Me solving a 4x4 blindfold


----------



## Chrisandstuff (Aug 13, 2012)

Wow nice I dont know anything about big cube blind solving but Im think this time is amazing (considering that my current record on 4x4 is 3:19.23) and you blew that away blind with memo... lol Congrats that was really awesome.

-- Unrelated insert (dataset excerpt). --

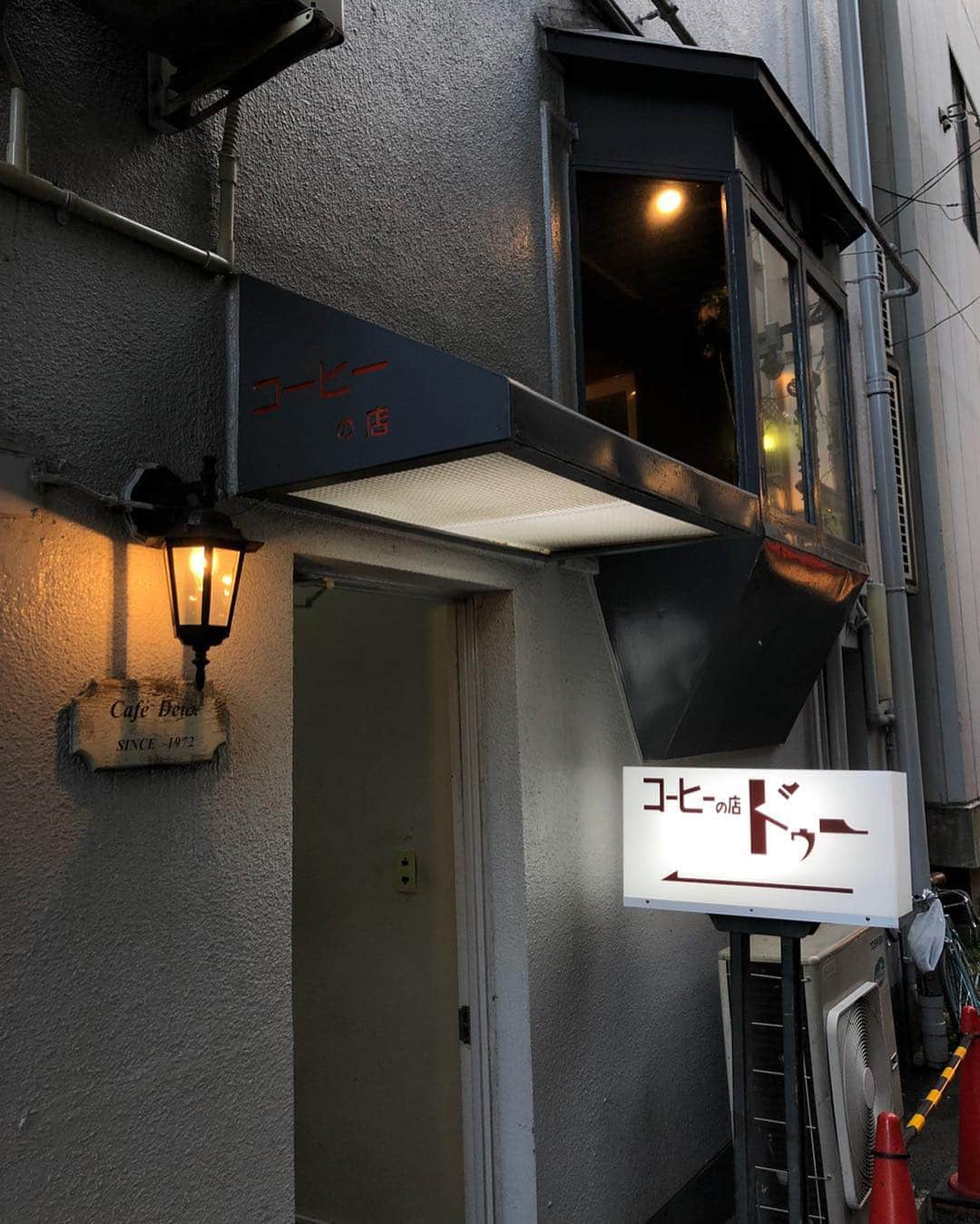 村田倫子さんのインスタグラム写真 - (村田倫子Instagram)「コーヒーのお供はチーズケーキ。 好きなものと心地よい空間。 今日は原稿がはかどりました。☔︎ . 明日、イベントたのしみです☺︎ @casselini_lumineest でお待ちしてます。 次の日は @casselini_lucuaosaka です。 たくさん話したいなあ… . 今日のお店☕︎は #cafedeux  #コーヒーの店ドゥー  #食べりんログ」4月26日 22時06分 - rinco1023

Edit: after slight research and seeing that the official world record right now is 2:48.88 I now have an even greater appreciation of a time like this! =)


----------



## ardi4nto (Aug 13, 2012)

Good job!


----------



## mycube (Aug 13, 2012)

wtf.. nice job!
what was your best time ever? this?


----------



## rahulkadukar (Aug 13, 2012)

This is insanely good


----------



## emolover (Aug 13, 2012)

Damn son, that's about my centers+corners memo.


----------



## jack852 (Aug 13, 2012)

Wow! Just wow.


----------



## AbstractAlg (Aug 13, 2012)

I wow'd.


----------



## cuboy63 (Aug 13, 2012)

um... wow really fast.

Is this your pb?


----------



## labirint (Aug 13, 2012)

Wow, great! Congratulations!

Also, execution is the most impressive part of the solve, I don't understand how it's possible to be so fast. What method do you use for centers and wings? And can you share your algs?


----------



## Alejandro (Aug 13, 2012)

Yes, it is my pb and I use commutators for everytuing.


----------



## labirint (Aug 13, 2012)

Now I'm making reconstruction of this solve, do you want me to post it here&


----------



## drewsopchak (Aug 14, 2012)

labirint said:


> Now I'm making reconstruction of this solve, do you want me to post it here&



Please do!


----------



## ben1996123 (Aug 14, 2012)

only 12 seconds off UWR


----------



## cuboy63 (Aug 14, 2012)

Actually Marcell has a 2:06 which is probably UWR.


----------